National Archives presents special award
Then National Archive’s annual Archivist’s Achievement Awards ceremony provides the opportunity to recognize volunteers and staff of the National Archives for their passion and dedication to serving the mission of the…
Then National Archive’s annual Archivist’s Achievement Awards ceremony provides the opportunity to recognize volunteers and staff of the National Archives for their passion and dedication to serving the mission of the National Archives and the American people. This year, The National Archives presented a special award to one of our most dedicated and enthusiastic Citizen Archivists: Alex Smith.
Alex was a Susquehanna University registrar when he began preparing to retire in 2015. He was looking for a meaningful way to spend his newly found free time. He read about the National Archives’ Citizen Archivist transcription project and discovered a way to volunteer and, according to Smith, do “something that matters for an organization as important as the National Archives.”
In the first eighteen months of his virtual volunteer work, Mr. Smith made a remarkable 11,100+ transcription contributions to the National Archives Catalog. Several times a week he logs into the Catalog and searches for his next record to transcribe. He often employs a serendipitous method to find the next record. For example, while searching for and transcribing telegrams, he reads about prohibition agents that leads him to search for prohibition. He’s inspired by the books he reads in his leisure – searching for public figures in the catalog such as Sherman Adams, John Bricker, Meade Alcorn, and Ann Whitman.
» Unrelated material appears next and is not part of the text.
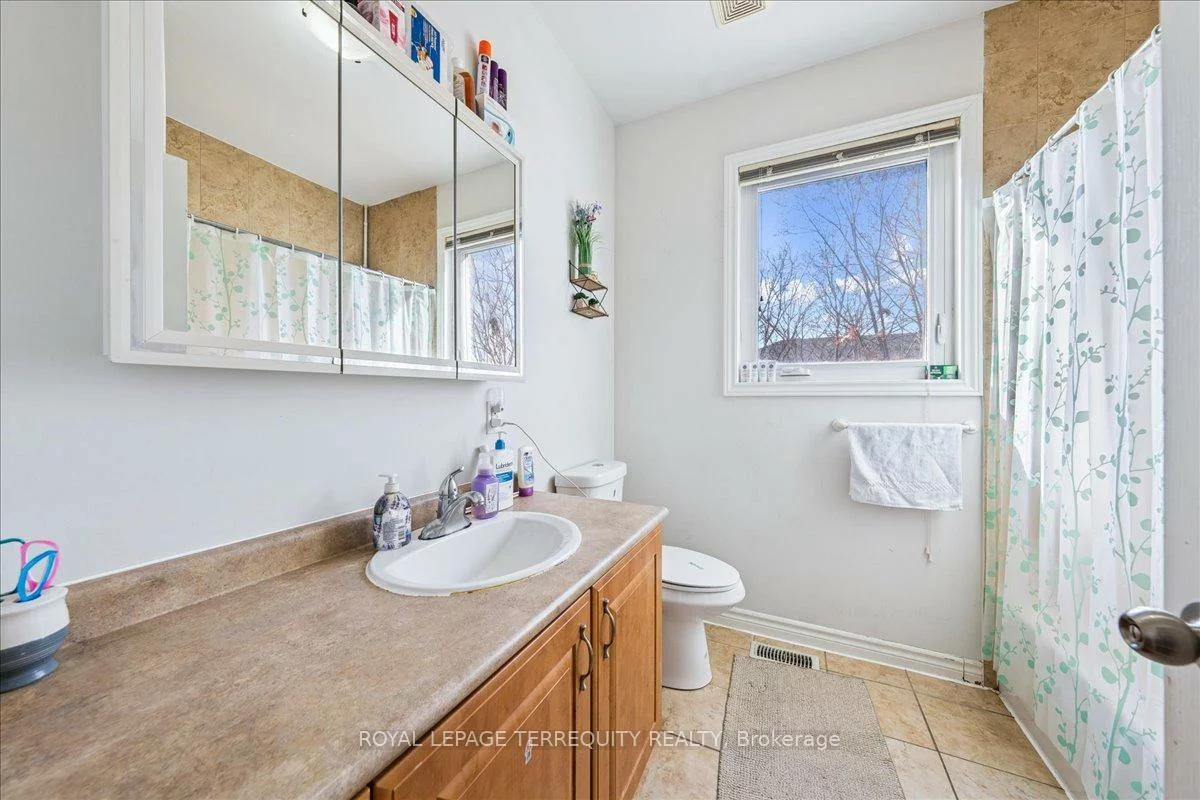 15, Sousa Mendes, Dovercourt-Wallace Emerson-Junction, Toronto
Alex Smith is not only a diligent citizen archivist and transcriber, he also is an evangelist and cheerleader for records in the National Archives, sharing the stories he’s found with friends. He is full of excitement when he discovers the intriguing, heroic and even the mundane within our records – he finds “happy surprises” within routine and seemingly dry records. Always a storyteller, he recounts what he has discovered while transcribing and has inspired others to become citizen archivists as well.